● **Aim of the exercise**
From the line containing "TV Combination Display model" to the line containing "[ Ready official" in the entries below, reproduce every line exactly, ends included. Nothing else belongs in the copy, and no pictures.

● **Extracted information**
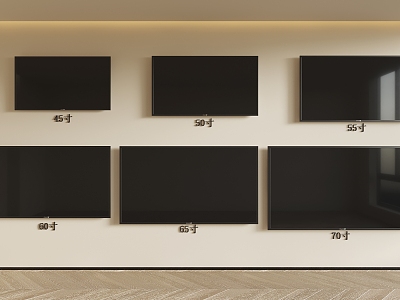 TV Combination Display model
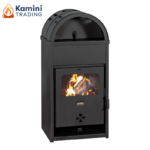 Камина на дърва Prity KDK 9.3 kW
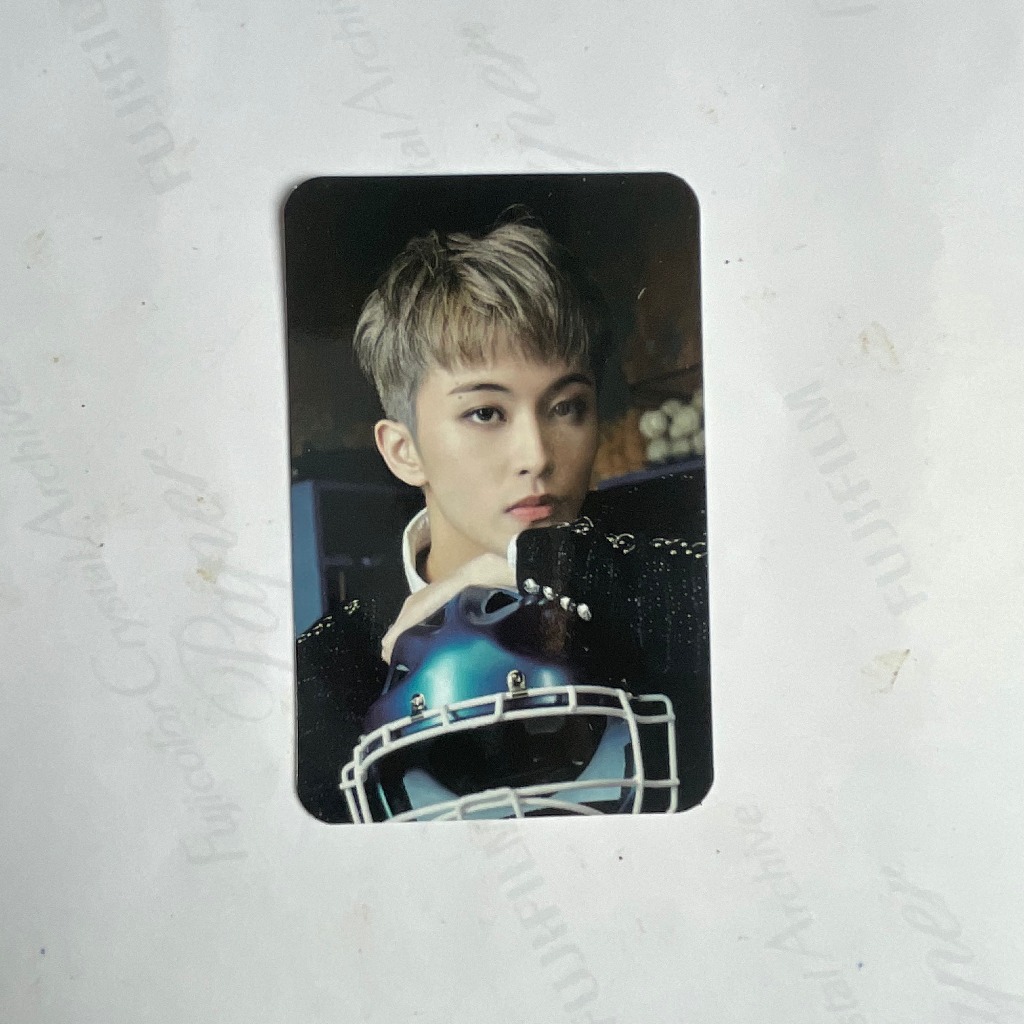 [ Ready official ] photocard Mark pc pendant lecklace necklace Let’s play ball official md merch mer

==

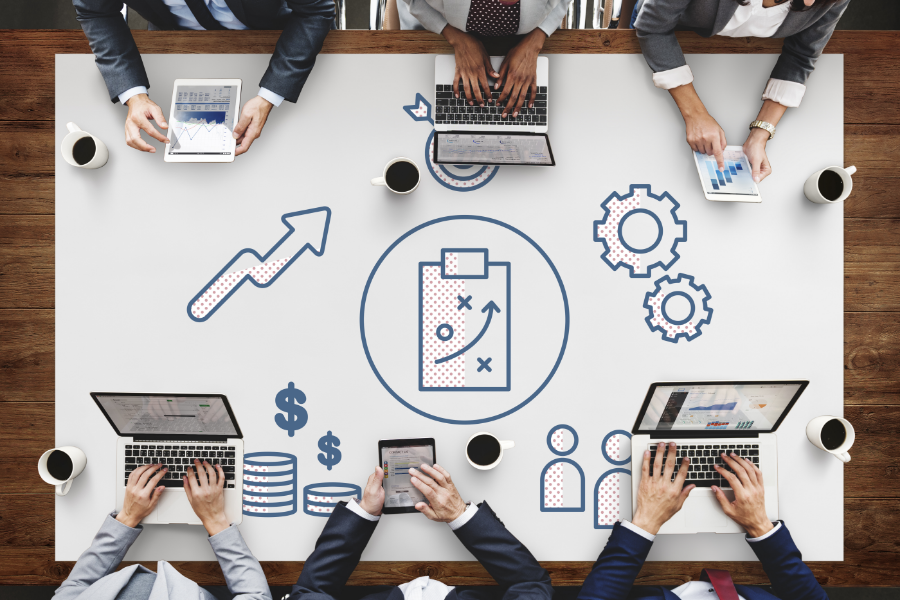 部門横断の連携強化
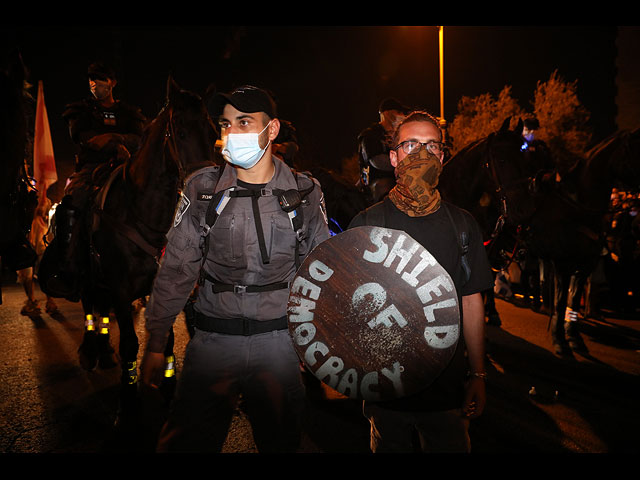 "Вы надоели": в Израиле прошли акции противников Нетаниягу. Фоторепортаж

* * *

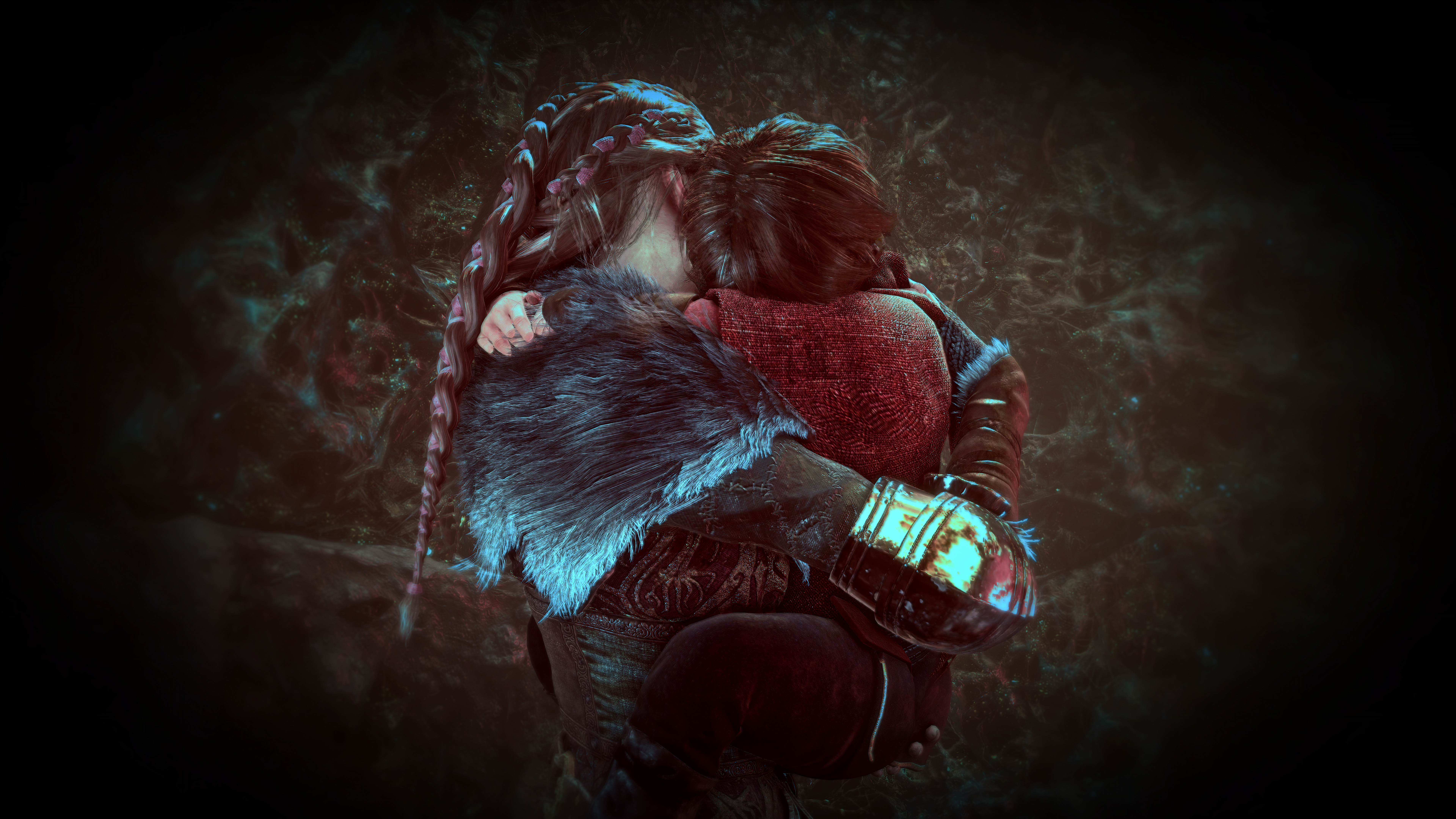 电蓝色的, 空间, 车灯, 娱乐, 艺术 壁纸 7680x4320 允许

● **Output of the task**
 TV Combination Display model
 Камина на дърва Prity KDK 9.3 kW
 [ Ready official ] photocard Mark pc pendant lecklace necklace Let’s play ball official md merch mer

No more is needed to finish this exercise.